I first met Natascha when I moved to Denver, Colorado to coordinate and teach in the photography program at Metropolitan State University. Not only has she become a valued colleague, but also an ally and supporter, and a dear friend. Natascha integrates photography, video, appropriated images and installation. She often turns the image-based works into objects through her process of large scale printing, mounting and resin-coating. Through the years, I have watched her work progress and am thrilled to include selections from her projects Uncanny Territory and The Disaster Archive in the exhibition evanescence. evanescence is at Desai Matta Gallery in San Francisco and is on view until February 11.
Looking through the foggy lens of shifting weather patterns, environmental crises, and (un)natural disasters, the future may seem uncertain, but one thing is clear: things are changing. A sense of urgency arises – is it possible to not consider our impact?

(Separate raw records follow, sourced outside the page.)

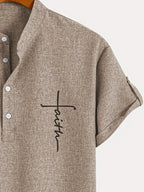Leblanc™ | Elegant short-sleeve shirt with a stand-up collar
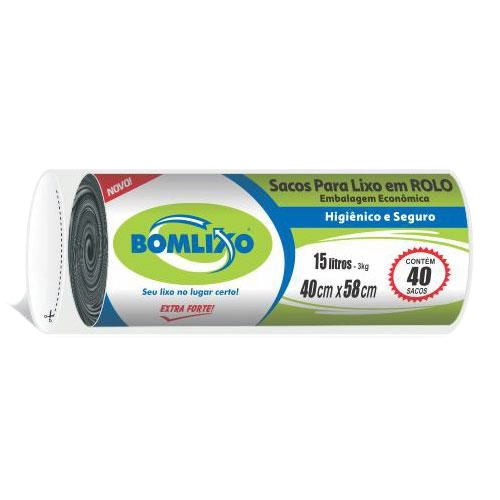 Saco Lixo Bomlixo Rolo Preto 15lts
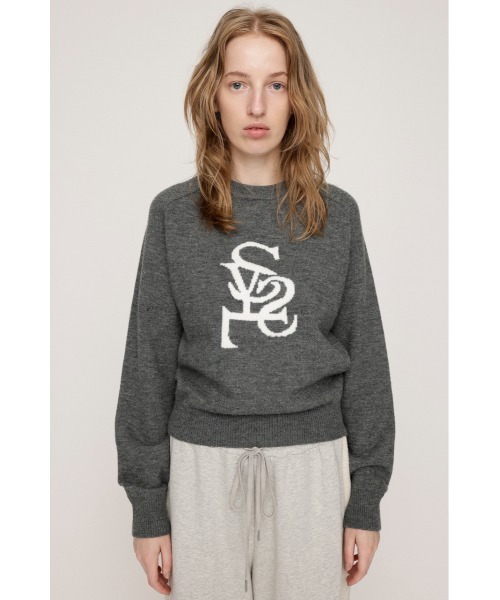 SLY(スライ)の「LOGO JQ KNIT TOPS ロゴ ジャガード ニット トップス 秋服 冬服(ニット/セーター・レディース・ネイビー/レッド/アイボリー/杢グレー・FREE)」の10枚目の写真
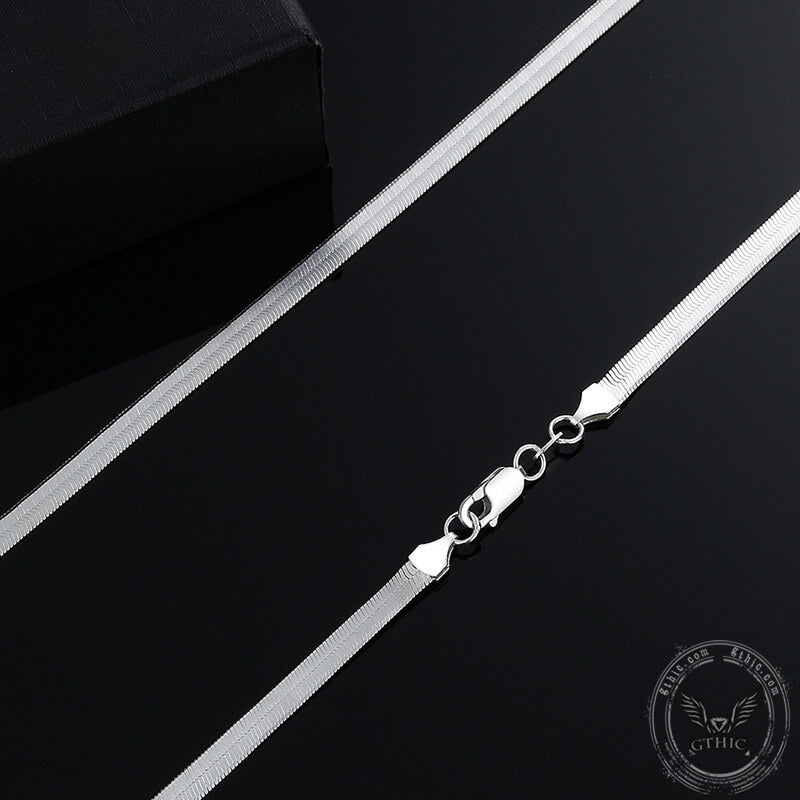 Flat Snake Chain Sterling Silver Necklace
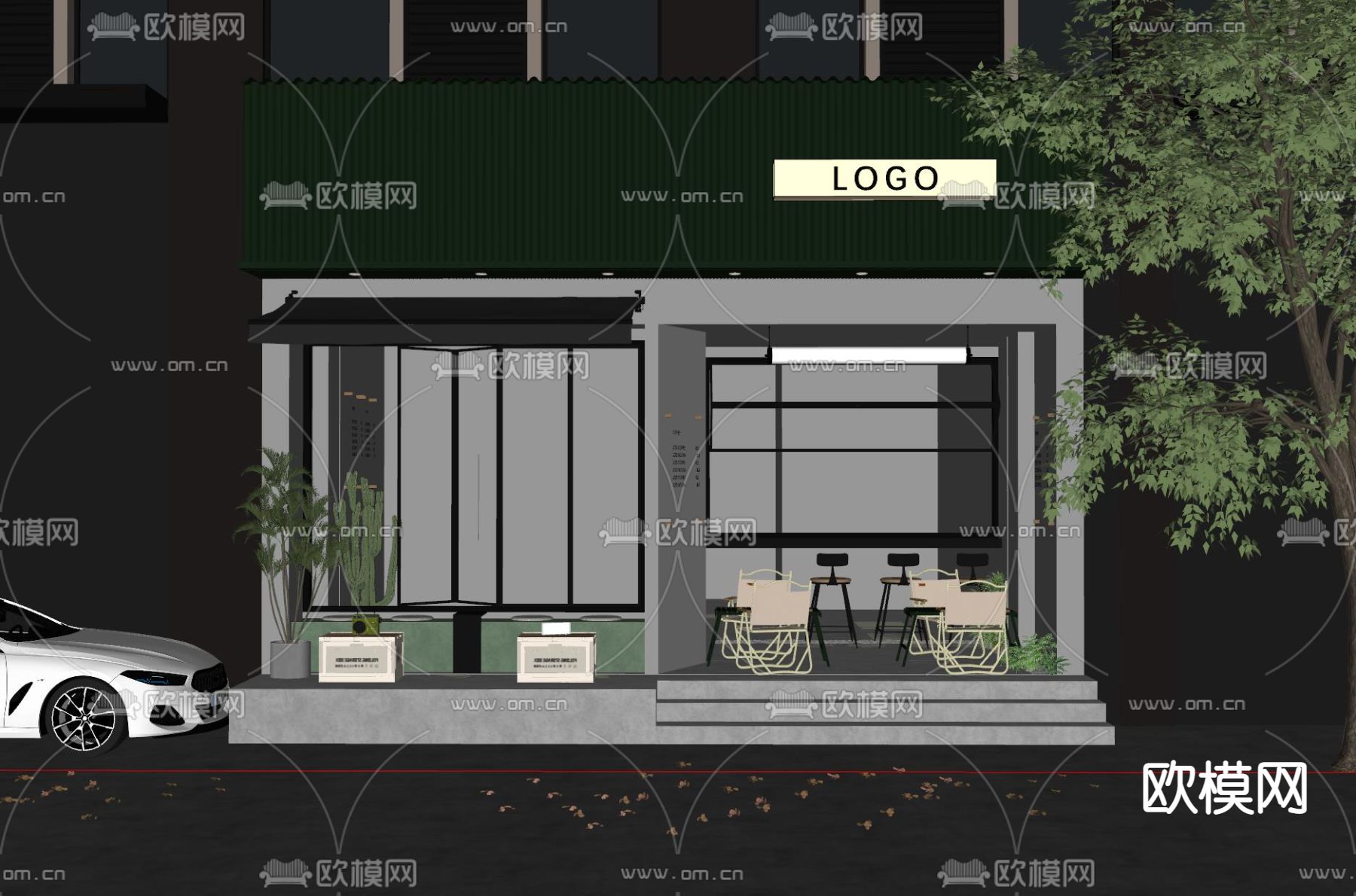 咖啡店门头su模型下载（渲染图3）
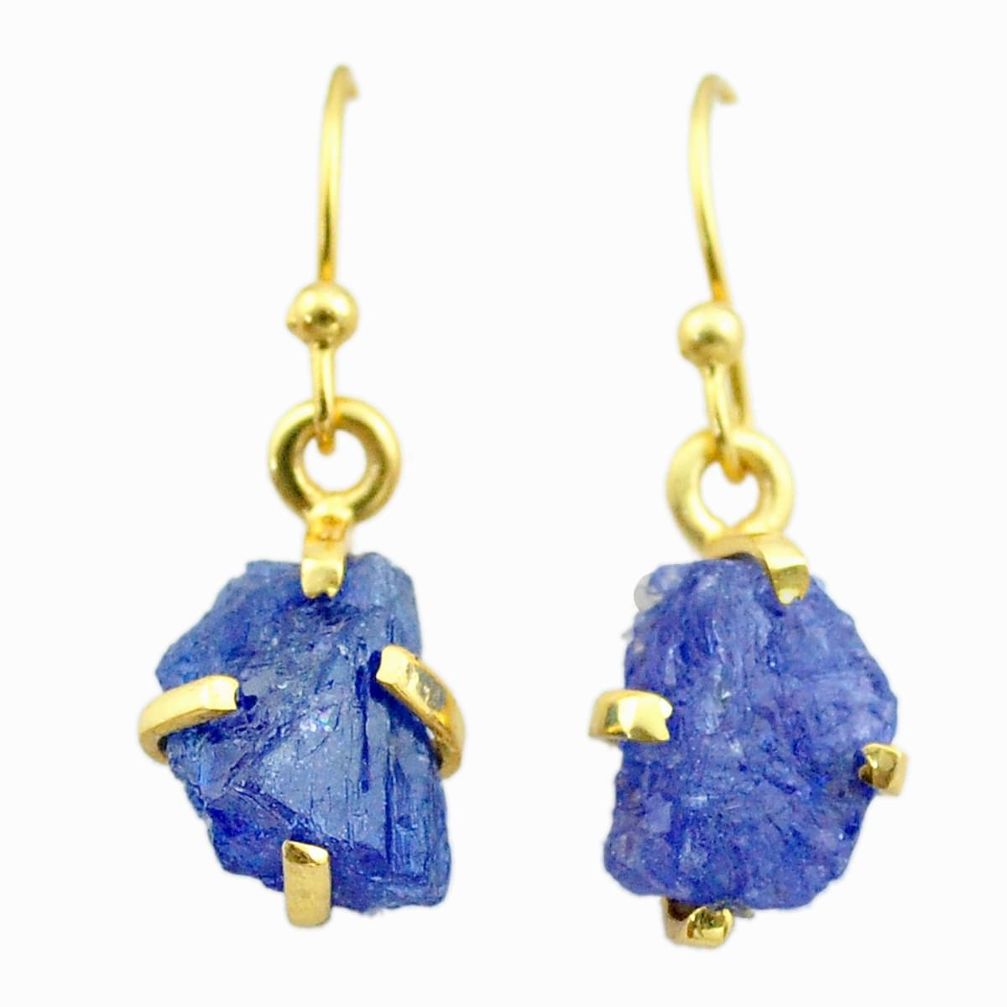 925 silver 6.27cts natural blue tanzanite raw 14k gold earrings t51184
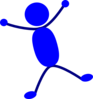 Solid Blue Man Jumping Clip Art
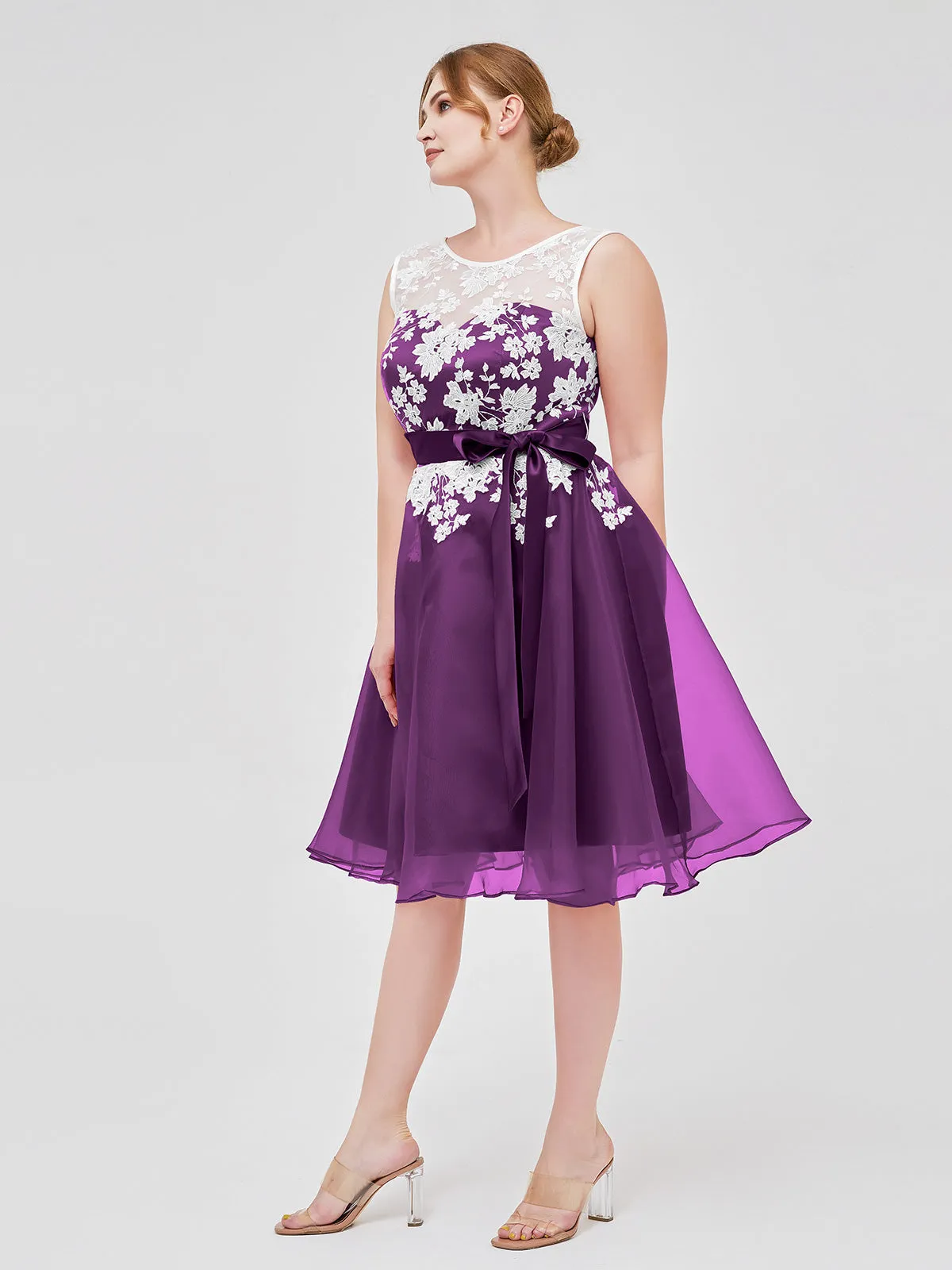 Illusion Neck Organza with Ivory Lace Appliqued Grape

Taking debris, pieces of maps, and discarded paint and oil, Natascha Seideneck creates miniature experiments–immersing these fragments in water, freezing them, and then bringing them back to room temperature. She photographs the changes from solid to liquid to evaporated gas, mimicking a geological cycle of freeze and thaw. Uncanny Territories are fictional landscapes, but could be anyplace on Earth.
Natascha Seideneck was born in Germany in 1967, grew up in England and now lives in Denver, Colorado. She has a graduate degree from School for the Museum of Fine Arts, Boston, with an emphasis in photography and digital media and has been a visual artist for 20 years. Natascha has exhibited in Colorado, Massachusetts, New Mexico, and New York. In addition to her photographic practice are location-specific works including Infinite Horizon, a public art commission for Denver International Airport, and site-specific installations for Colorado State University’s Behavioral Science Building and the Marriott Hotel. She has served on public art committees, presented at numerous art panels, and served on the Exhibition Committee at Colorado Photographic Arts Center. Currently, she is a Visiting Assistant Professor at Metropolitan State University of Denver.
Uncanny Territory
The series Uncanny Territory is comprised of large-scale color photographs depicting otherworldly landscapes and is inspired by the idea of humans suddenly disappearing from our planet and how the earth might reclaim its territory. The images are made by constructing small ice sculptures and documenting the process of the objects melting. Within these sculptures I embed images printed on transparency, paint, sand, glass and other found objects. The visual representation of the object becomes something entirely different than the object itself, in part by manipulating the scale and lighting.